Maybe Twain liked roses --red roses in particular---
The following is a quote from an autograph fragment in my possession that
was probably clipped by Merle Johnson from Twain's 1904/5 "lost notebook"
(fragments of about the same size and type of paper, clipped from some
unidentified source, can all be traced to 1904/5, all display late
holograph, all are in pencil, and all have provenances that start with Merle
Johnson --and all that I have been able to trace take the form of notebook
entries rather than letter or ms fragments).
"Sunday 17th, from 11 till---- a dim & wet & driving gray snow, through
which the red roses showed like fire-coals & the grass looking furiously &
fantastically green. Great storms Jan 4 in NY --read it yesterday in Sun."
Of course, if you write prose blending gray, red, and green you get purple.
January 17th fell on a Sunday in 1875, 1886, 1892, 1897, 1904, and 1909.

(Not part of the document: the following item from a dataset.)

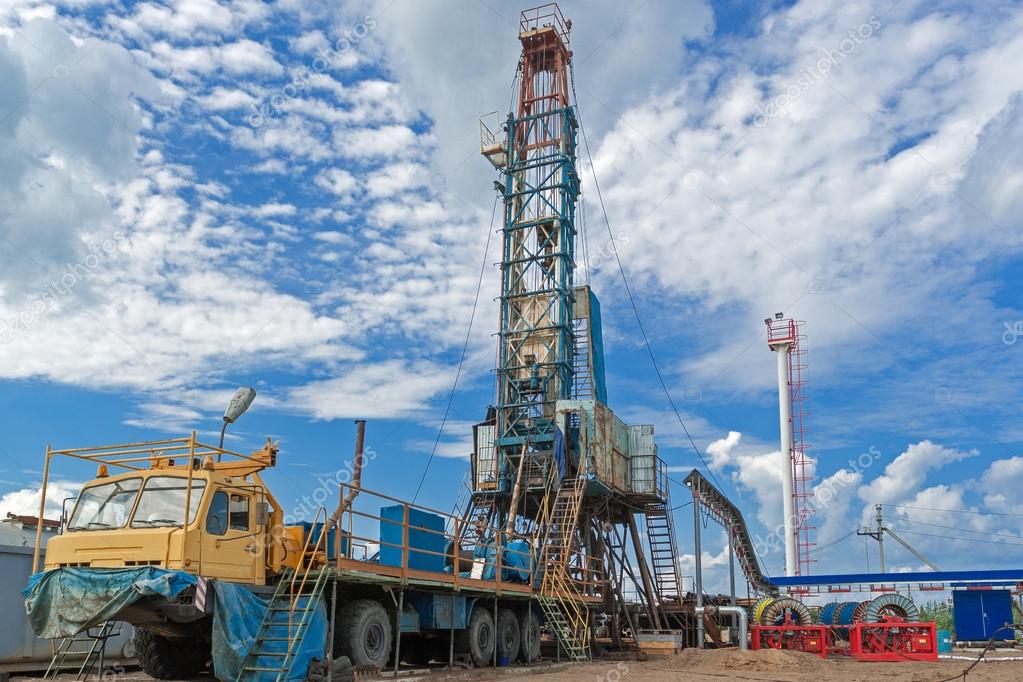 Mobile drilling rig in the oil field Stock Photo by ©sobpeter 68712449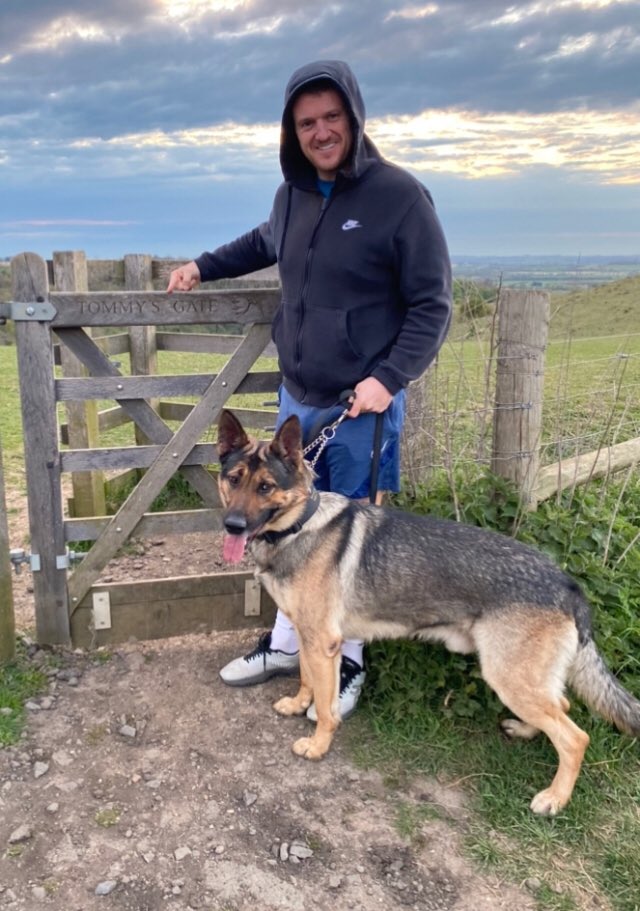 CymruFlaf's tweet photo. Lets put #TommyRobinson’s new grift in perspective. On Monday he claimed his family was under attack from gangsters &amp; appealed for funds. On Tuesday he’s out ‘dogging’ on the Shropshire/Wales border. If my family was in danger I wouldn’t be 100 miles away laughing about it. #liar https://t.co/fRoZ99rOzO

Twain was in Hartford on that date in 1875 and 1886, in Berlin in 1892,
London in 1897, Florence in 1904, and at Stormfield in 1909. If on Jan 16th
("yesterday") he read a Jan 4th New York weather report from the New York
Sun, I'd think he was overseas at the time, leaving 1892, 1897 and 1904 as
the probable dates, and given the dates of the "lost notebook" cut to pieces
by Merle Johnson (and the provenance and characteristics of this fragment),
my guess is he wrote this in Florence. The Villa di Quarto was surrounded by
a large private park with flowering shrubs.